### INPUT FOR THIS TASK

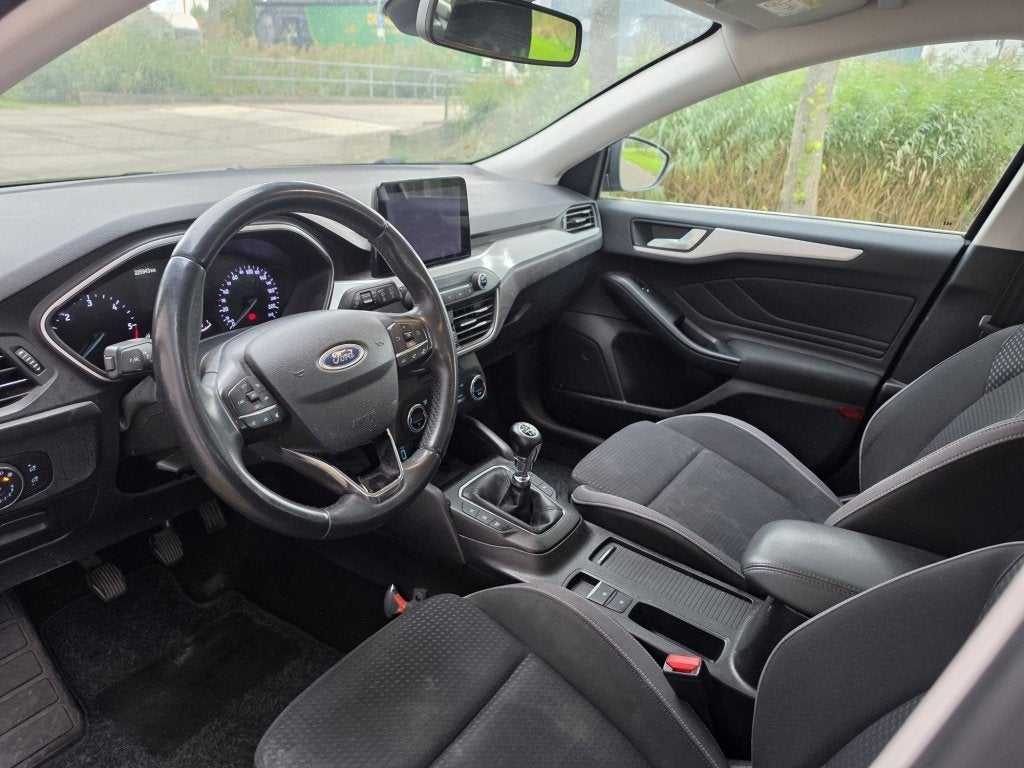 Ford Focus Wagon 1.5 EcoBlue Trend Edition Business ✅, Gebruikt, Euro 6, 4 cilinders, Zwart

######
### INPUT FOR THIS TASK

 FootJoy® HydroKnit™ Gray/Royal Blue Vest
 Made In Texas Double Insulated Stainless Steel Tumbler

######

TASK DIRECTIONS:
Your answer must consist solely of the lines above between the line holding "FootJoy® HydroKnit™ Gray/Royal Blue Vest" and the line holding "Made In Texas", inclusive, copied exactly.

SOLUTION TO THE PROBLEM:
 FootJoy® HydroKnit™ Gray/Royal Blue Vest
 Made In Texas Double Insulated Stainless Steel Tumbler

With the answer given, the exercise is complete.